Stored dataset items
■ ■ ■
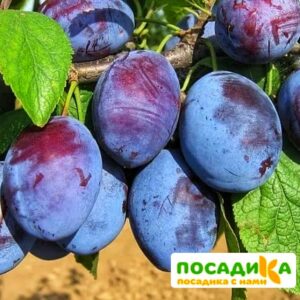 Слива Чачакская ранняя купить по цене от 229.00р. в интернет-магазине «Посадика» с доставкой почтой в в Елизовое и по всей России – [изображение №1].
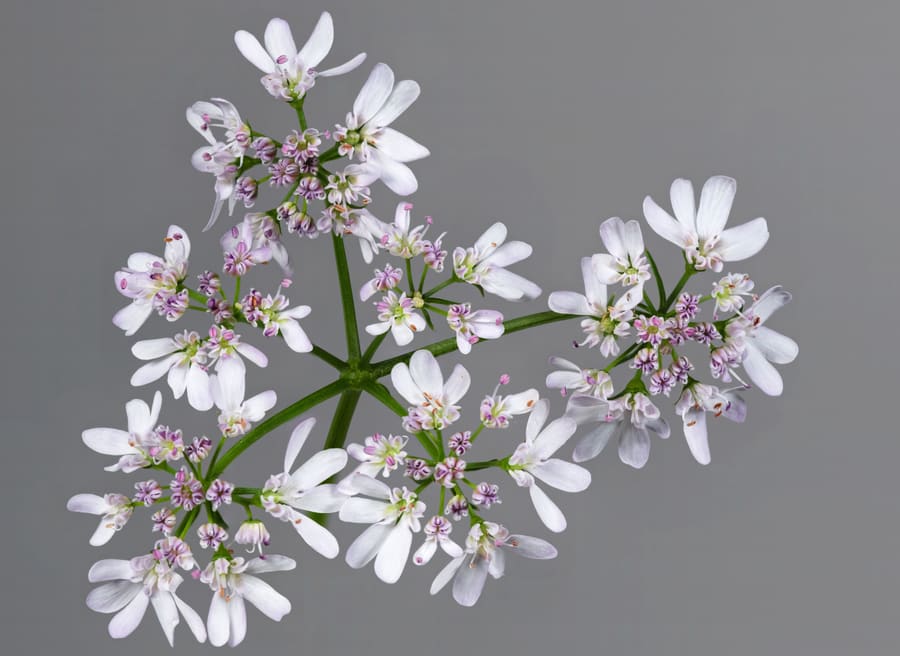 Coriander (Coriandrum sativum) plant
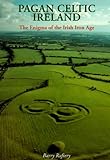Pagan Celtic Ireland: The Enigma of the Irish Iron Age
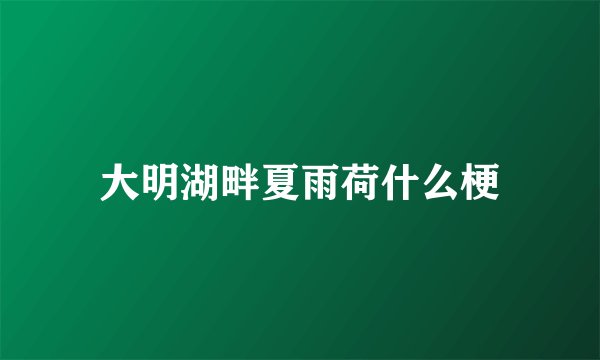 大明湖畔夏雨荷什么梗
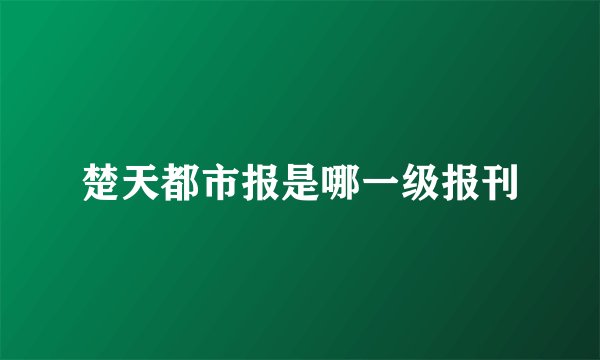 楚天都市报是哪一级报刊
■ ■ ■
→ What the task asks: With all pictures omitted, repeat every record above word for word.

→ Written response:
 Слива Чачакская ранняя купить по цене от 229.00р. в интернет-магазине «Посадика» с доставкой почтой в в Елизовое и по всей России – [изображение №1].
 Coriander (Coriandrum sativum) plant
Pagan Celtic Ireland: The Enigma of the Irish Iron Age
 大明湖畔夏雨荷什么梗
 楚天都市报是哪一级报刊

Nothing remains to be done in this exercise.